Regardless of whether you are denied, never give up. There are always other options or other types of loans available.

Eight Different Types of Business Loans

Term Loans

A term loan involves borrowing a set amount of money upfront and repaying it with interest on a predetermined schedule. Banks, as well as online lenders, offer term loans.

Bank loans offer the most desirable terms and amounts. So, you should apply for one if you have strong credit. But you might consider applying with a short-term lender if you don’t have a good credit history.

Business Lines of Credit

A business line of credit is another well-known type of business loan. A business line of credit allows you to take advantage of a specific amount of capital as needed. 

For example, you can get a fixed or revolving line of credit. When you pay off your balance in full, your credit line is reset.

A variety of lenders offer lines of credit. But banks offer the lowest interest rates and longest term between renewals. For business owners with low credit scores, online lenders provide shorter-term lines of credit. 

Equipment Financing

Equipment loans, also called equipment financing, are among the most popular asset-based loans. An equipment loan could be a good option if you need money to buy new or used equipment. Using the fund to do so is more sensible than paying it for expensive equipment outright.

Both established and new businesses can get equipment financing. Even those with lower credit profiles can usually qualify. The equipment is the collateral for the loan. 

Even business owners with less-than-ideal credit can be eligible for equipment financing. By doing so, you won’t have to provide collateral other than the equipment itself.

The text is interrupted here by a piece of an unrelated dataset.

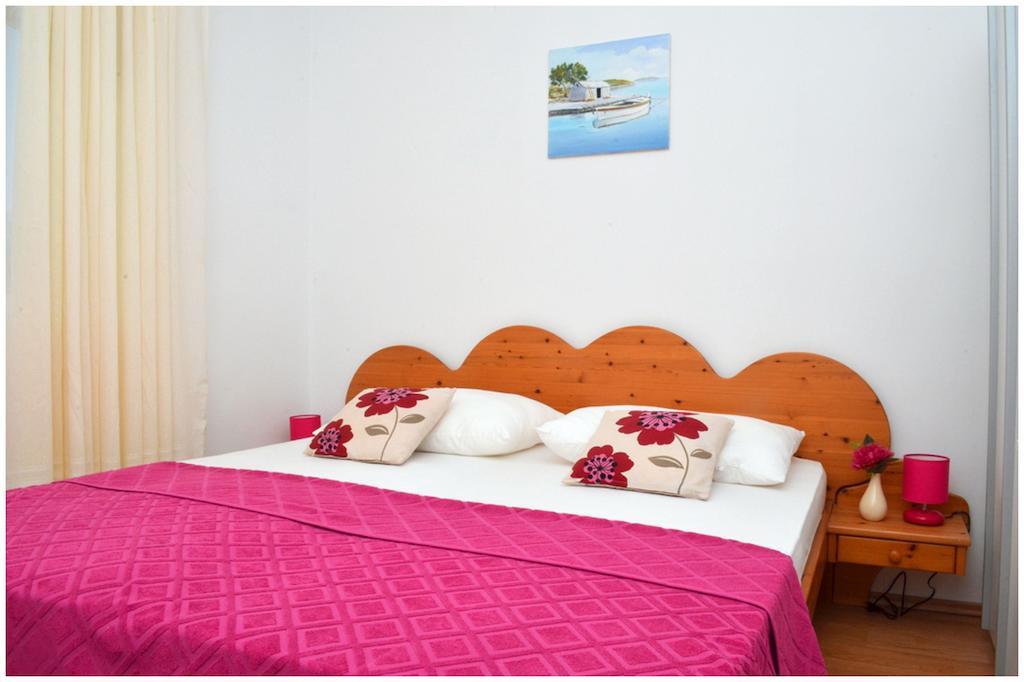 Apartments Luciano Seget Vranjica Camera foto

Equipment loans have reasonable interest rates. But some factors cause rates to go up and down. It is because it depends on your business’s age, credit, and financial standing. Thus, the rates range from 8% to 30%. 

Equipment financing is available for purchasing or leasing various equipment—for instance, computers, appliances, and vehicles used in business.

Invoice Financing

Invoice financing of businesses is also a type of asset-based loan. The lenders give you a cash advance on outstanding invoices as part of this type of loan. As collateral for an advance, the unpaid invoices act as collateral.

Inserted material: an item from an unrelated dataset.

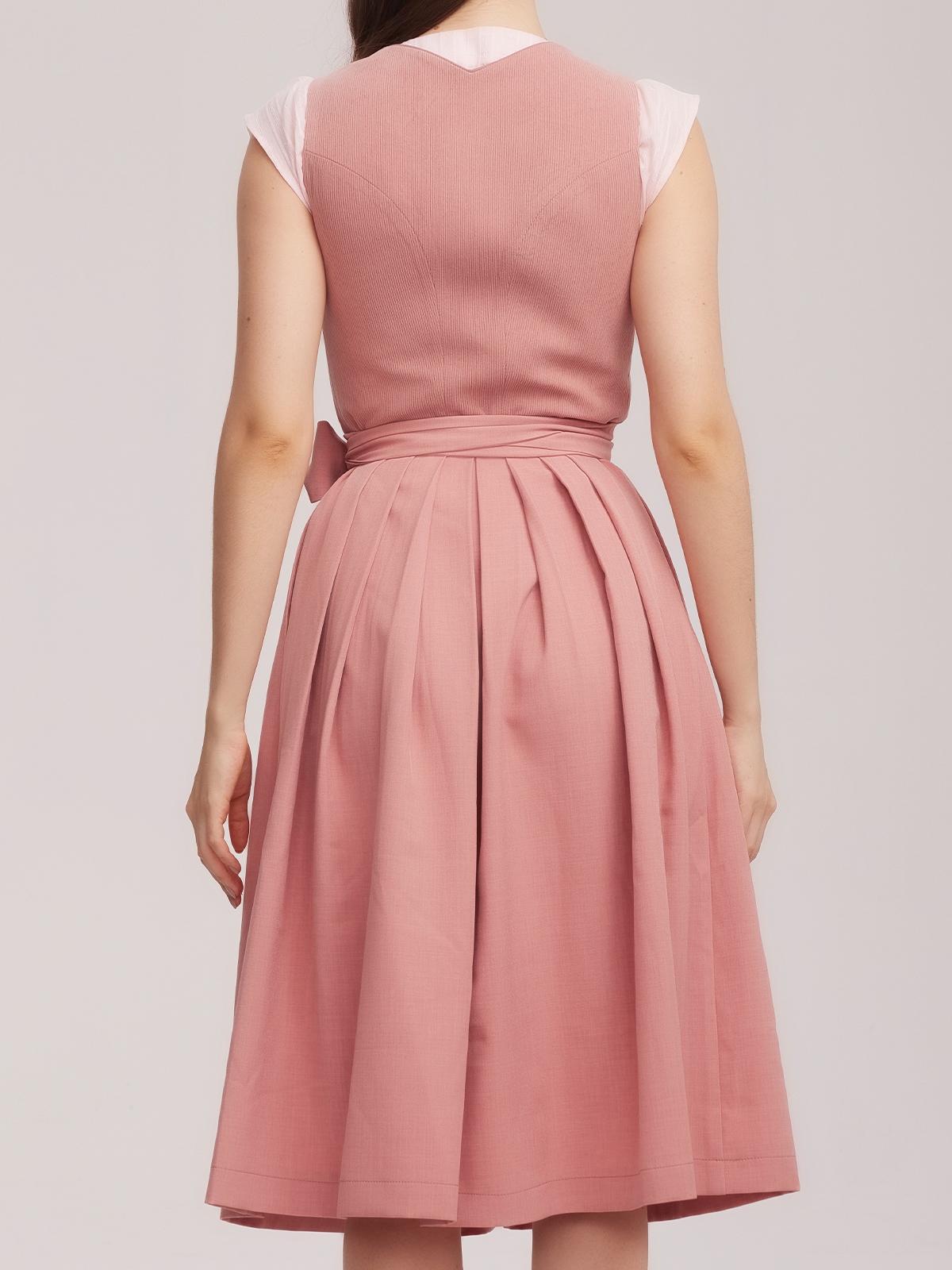 Moderne Dirndlbluse in Rosa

Are you having a problem with cash flow because your customers pay at different times? Getting invoice financing can help you out. You can use such funds to cover your business’s operations expenses like payroll and rent.

Commercial Real Estate Loans

Commercial real estate loans are an excellent option for companies looking to buy commercial property. With this type of business loan, the property acts as collateral.


Sometimes, a small business may need just a little cash to reach its next goal. A microloan can be a great option. Loans like these can be used for startup costs, working capital, and expansion plans. There aren’t too many qualifications required.

Personal Loans for Business Use

Using a personal loan for startup funding is a popular option. Looking where to apply for a personal loan won’t be a problem. That is because most online lenders and banks are both offering personal loan services. 

But before that, bear in mind that your financial situation and credit score will determine these rates. Don’t forget that Credit scores play a huge role in your loan rates. A credit score of at least 650 is required to qualify.

Merchant Cash Advances

Merchant cash advances allow businesses to get cash quickly. It’s like a payday loan, except that this is for companies, not individuals.